Впоследствии, Зайцев стал артистом и режиссером одного небольшого рабочего театра в Сибири, а Кузнецов капитаном речного флота.

     Я не в претензии на свою память, достаточно было хоть один раз мне послушать учителя или прочитать заданное,как я мог без запинки отвечать. Я не хвастаюсь и не рисуюсь. Это действительно было так. Поэтому у меня не было любимых и нелюбимых предметов. Нелюбимые предметы появляются тогда, когда по ним
начинают неуспевать. Я же успевал решительно по всем дисциплинам, мне одинаково нравились и арифметика и геометрия, и алгебра и физика, и русский язык и ботаника, и зоология и география.

     Я еще мог похвастаться и дисциплиной, неожиданно пришедшей ко мне после третьего класса. Многие делали пропуски занятий, хотя жили к школе ближе, чем я. Я же, учась в четвертом и пятом классах, не пропустил ни одного урока. Однажды в сильный мороз и буран я пришел в школу один из всего класса. Занятий, разумеется, в этот день не было, но Федор Яковлевич, живший при школе вместе с женой-учительницей Евдокией Федоровной, позанимался со мной один урок, видимо, более всего для успокоения души моей, чем для практического дела, и отпустил меня. Чтобы я не заблудился, он дал мне провожатого, старшего сына сторожихи и предварительно напоил горячим чаем. Я страшно застеснялся и отказывался от чая, но сын сторожихи шепнул мне: "Иди попей чайку, с конфеткой! Ежели б меня пригласили, я б не отказался".
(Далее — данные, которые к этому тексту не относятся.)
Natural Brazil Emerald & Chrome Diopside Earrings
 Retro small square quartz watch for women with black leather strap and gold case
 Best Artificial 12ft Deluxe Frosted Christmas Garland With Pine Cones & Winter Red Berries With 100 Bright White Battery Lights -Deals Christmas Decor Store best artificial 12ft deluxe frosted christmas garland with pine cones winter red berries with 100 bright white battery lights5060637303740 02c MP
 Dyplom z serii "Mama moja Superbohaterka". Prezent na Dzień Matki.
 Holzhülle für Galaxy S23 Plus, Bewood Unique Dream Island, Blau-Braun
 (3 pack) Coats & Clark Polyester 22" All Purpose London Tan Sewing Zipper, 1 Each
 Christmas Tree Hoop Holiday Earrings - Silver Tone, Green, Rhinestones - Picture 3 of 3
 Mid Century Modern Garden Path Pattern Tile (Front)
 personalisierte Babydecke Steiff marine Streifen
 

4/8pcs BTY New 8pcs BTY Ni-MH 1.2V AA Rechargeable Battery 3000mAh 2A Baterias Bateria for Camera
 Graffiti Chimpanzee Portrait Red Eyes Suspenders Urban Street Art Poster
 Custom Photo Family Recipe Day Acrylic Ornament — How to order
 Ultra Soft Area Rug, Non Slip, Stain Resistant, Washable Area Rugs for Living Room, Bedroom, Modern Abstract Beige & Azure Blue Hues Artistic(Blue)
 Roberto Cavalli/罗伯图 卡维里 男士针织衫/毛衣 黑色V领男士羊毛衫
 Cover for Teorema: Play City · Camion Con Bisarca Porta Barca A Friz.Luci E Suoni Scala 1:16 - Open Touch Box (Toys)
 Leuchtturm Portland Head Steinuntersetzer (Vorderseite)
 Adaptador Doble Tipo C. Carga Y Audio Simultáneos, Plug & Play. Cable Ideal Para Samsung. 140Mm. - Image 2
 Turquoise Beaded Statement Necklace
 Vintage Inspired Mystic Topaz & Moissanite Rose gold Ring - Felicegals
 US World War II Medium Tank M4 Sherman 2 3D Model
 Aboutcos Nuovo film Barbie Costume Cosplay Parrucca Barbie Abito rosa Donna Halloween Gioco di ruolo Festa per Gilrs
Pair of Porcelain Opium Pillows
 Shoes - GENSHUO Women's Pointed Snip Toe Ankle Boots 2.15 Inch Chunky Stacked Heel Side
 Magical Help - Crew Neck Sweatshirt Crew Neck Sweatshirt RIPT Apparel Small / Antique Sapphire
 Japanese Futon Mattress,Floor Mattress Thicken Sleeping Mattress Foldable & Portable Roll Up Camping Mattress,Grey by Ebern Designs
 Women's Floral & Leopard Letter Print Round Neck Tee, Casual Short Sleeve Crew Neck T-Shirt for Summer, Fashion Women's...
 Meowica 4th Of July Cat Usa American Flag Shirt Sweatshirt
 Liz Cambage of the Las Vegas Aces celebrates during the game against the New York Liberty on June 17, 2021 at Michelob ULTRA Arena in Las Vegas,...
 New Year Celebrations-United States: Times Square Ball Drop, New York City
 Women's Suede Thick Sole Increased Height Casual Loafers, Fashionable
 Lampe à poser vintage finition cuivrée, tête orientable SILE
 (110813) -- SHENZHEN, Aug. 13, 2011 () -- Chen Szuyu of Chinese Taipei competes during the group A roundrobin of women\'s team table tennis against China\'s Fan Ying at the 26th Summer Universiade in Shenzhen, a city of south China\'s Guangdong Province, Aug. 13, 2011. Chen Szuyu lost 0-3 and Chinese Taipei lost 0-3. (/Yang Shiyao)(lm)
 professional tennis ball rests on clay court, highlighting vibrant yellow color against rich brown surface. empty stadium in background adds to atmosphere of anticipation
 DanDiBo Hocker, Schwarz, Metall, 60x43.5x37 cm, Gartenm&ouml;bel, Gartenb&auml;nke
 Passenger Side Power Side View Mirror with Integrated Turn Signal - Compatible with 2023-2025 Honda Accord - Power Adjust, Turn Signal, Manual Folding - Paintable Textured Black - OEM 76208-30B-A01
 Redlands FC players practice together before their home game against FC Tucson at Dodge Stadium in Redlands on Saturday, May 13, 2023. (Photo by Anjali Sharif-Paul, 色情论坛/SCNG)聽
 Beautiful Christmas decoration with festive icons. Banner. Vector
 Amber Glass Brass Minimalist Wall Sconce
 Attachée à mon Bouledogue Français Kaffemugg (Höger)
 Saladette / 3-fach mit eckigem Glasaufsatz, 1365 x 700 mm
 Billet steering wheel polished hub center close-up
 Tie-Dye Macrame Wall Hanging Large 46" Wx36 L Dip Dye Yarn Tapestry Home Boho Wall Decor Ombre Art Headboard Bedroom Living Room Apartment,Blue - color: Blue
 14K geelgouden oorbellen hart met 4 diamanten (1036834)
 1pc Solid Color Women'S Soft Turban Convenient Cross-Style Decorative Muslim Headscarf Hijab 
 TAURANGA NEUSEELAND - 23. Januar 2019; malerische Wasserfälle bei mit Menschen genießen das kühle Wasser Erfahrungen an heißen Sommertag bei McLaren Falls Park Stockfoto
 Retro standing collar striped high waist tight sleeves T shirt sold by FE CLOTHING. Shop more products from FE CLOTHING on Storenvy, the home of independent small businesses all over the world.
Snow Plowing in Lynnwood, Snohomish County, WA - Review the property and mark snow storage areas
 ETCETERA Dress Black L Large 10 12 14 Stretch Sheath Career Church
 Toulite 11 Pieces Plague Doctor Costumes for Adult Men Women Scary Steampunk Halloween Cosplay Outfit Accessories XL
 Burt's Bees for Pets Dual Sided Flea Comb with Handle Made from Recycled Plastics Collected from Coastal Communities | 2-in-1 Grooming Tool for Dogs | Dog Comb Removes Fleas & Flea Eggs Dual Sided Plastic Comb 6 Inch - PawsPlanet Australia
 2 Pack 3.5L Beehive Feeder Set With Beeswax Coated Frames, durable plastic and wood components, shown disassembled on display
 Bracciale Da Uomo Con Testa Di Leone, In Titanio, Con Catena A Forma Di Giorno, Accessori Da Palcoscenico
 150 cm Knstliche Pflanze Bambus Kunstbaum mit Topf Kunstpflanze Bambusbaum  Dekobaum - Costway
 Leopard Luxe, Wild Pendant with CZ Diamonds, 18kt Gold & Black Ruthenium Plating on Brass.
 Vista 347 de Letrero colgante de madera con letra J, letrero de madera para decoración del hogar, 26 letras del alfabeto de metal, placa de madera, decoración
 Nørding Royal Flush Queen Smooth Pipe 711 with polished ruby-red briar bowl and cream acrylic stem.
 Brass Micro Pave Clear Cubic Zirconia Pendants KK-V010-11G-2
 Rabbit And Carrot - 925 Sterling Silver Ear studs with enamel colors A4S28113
     Ветер не ослабевал, наоборот, как будто усилился, а снегу меньше было и шел он порывами, то густо, сплошной пеленой, то редко, но был все такой же жесткий, больно хлестал в лицо. Идти было трудно и мы кое-как добрались до кооперации. Лавка была открыта, мой провожатый предложил зайти обогреться, я не возражал, тем более сам прозяб до костей. В лавке было тепло и безлюдно, не особенно кто решался идти в нее в такую лютую погоду. Провожатый, вытирая красное и мокрое лицо, попросил меня купить ему папиросы или пачку махорки, но у меня не было ни копейки. Да откуда могли быть деньги у деревенского мальчишки, которого никогда не баловали карманными деньгами. Выйдя на улицу, провожатый сказал: "Иди теперь один, чай не заблудишься... Домов только придерживайся, что по правую сторону". Это меня ошарашило, учитель наказывал ему - довести меня до дому, а он бросает на половину пути.

     Однако, на мое счастье из белесой кутерьмы вынырнули сани и на них в тулупе сидел отец. Он сказал: "А я тебя ищу. В школе был. Сказали, что вы ушли. Мать шибко беспокоится, вот я и поехал."